# [Task requirements]
After locating the line that contains "Nike Pink Girls'", restate it and each later line word for word through the end of the records.

Given records: Begin

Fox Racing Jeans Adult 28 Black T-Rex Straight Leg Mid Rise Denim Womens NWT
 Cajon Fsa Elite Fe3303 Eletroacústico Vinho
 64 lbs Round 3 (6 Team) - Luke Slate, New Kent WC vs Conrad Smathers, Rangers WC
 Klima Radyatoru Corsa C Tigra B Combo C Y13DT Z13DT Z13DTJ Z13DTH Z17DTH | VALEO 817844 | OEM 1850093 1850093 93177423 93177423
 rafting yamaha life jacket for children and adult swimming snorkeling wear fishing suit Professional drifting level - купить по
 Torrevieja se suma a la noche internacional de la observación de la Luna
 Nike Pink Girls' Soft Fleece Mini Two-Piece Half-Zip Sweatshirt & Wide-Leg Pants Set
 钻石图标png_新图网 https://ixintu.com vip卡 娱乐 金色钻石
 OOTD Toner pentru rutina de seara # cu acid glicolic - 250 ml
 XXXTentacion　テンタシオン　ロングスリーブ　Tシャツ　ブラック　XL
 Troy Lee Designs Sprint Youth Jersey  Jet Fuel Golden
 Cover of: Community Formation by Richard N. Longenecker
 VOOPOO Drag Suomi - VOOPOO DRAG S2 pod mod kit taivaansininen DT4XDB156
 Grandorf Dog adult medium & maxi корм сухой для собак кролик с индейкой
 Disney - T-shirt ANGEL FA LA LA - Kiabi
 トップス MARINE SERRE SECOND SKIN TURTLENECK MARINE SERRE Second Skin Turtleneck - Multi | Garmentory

Given records: End

# [Output below]
 Nike Pink Girls' Soft Fleece Mini Two-Piece Half-Zip Sweatshirt & Wide-Leg Pants Set
 钻石图标png_新图网 https://ixintu.com vip卡 娱乐 金色钻石
 OOTD Toner pentru rutina de seara # cu acid glicolic - 250 ml
 XXXTentacion　テンタシオン　ロングスリーブ　Tシャツ　ブラック　XL
 Troy Lee Designs Sprint Youth Jersey  Jet Fuel Golden
 Cover of: Community Formation by Richard N. Longenecker
 VOOPOO Drag Suomi - VOOPOO DRAG S2 pod mod kit taivaansininen DT4XDB156
 Grandorf Dog adult medium & maxi корм сухой для собак кролик с индейкой
 Disney - T-shirt ANGEL FA LA LA - Kiabi
 トップス MARINE SERRE SECOND SKIN TURTLENECK MARINE SERRE Second Skin Turtleneck - Multi | Garmentory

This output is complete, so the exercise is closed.